[Exercise objective]
Output the data below only from the line containing "600 River Hills" up to and including the line containing "thôn phệ một thế giới tu tiên chapter 155 64", exact and with the pictures left out.

[Data records]
···
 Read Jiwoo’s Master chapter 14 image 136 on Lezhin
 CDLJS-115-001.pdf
···
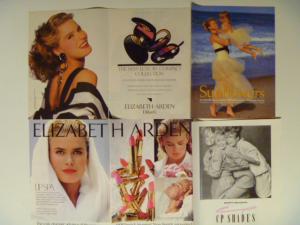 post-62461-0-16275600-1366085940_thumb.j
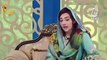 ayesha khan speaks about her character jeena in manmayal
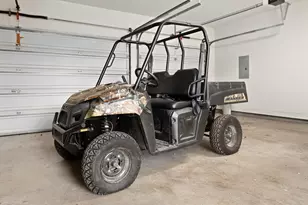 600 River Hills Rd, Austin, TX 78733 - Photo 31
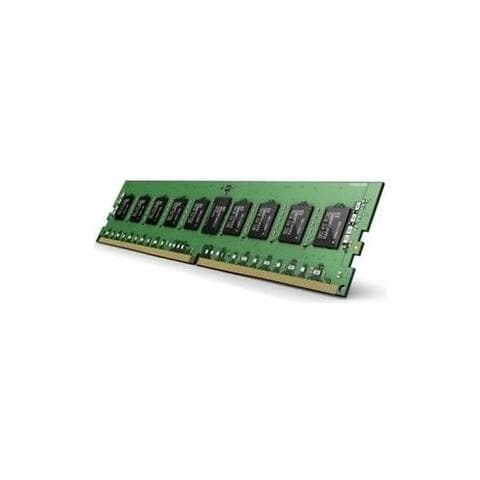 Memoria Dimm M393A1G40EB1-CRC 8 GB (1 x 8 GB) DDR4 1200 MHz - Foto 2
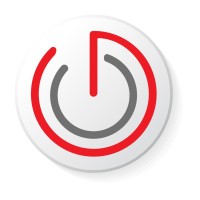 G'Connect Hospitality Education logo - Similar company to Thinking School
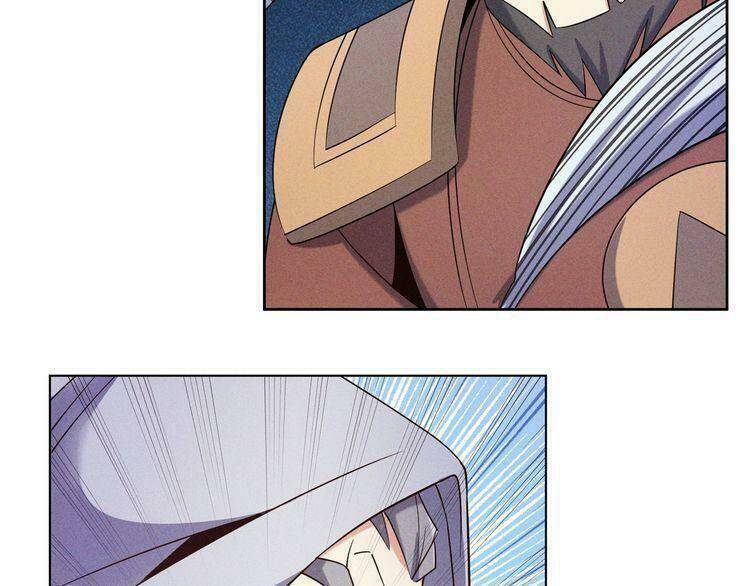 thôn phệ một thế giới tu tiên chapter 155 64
···
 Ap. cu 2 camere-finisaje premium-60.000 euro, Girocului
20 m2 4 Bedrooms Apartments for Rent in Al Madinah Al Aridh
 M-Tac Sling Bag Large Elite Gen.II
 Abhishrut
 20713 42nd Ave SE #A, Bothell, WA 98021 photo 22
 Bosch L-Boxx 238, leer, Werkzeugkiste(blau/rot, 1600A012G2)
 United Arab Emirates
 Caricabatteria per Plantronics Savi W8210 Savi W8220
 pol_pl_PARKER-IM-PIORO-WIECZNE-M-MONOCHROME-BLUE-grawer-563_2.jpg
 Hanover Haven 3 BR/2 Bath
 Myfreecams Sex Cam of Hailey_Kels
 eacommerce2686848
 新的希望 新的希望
···
[Result for this exercise]
 600 River Hills Rd, Austin, TX 78733 - Photo 31
 Memoria Dimm M393A1G40EB1-CRC 8 GB (1 x 8 GB) DDR4 1200 MHz - Foto 2
 G'Connect Hospitality Education logo - Similar company to Thinking School
 thôn phệ một thế giới tu tiên chapter 155 64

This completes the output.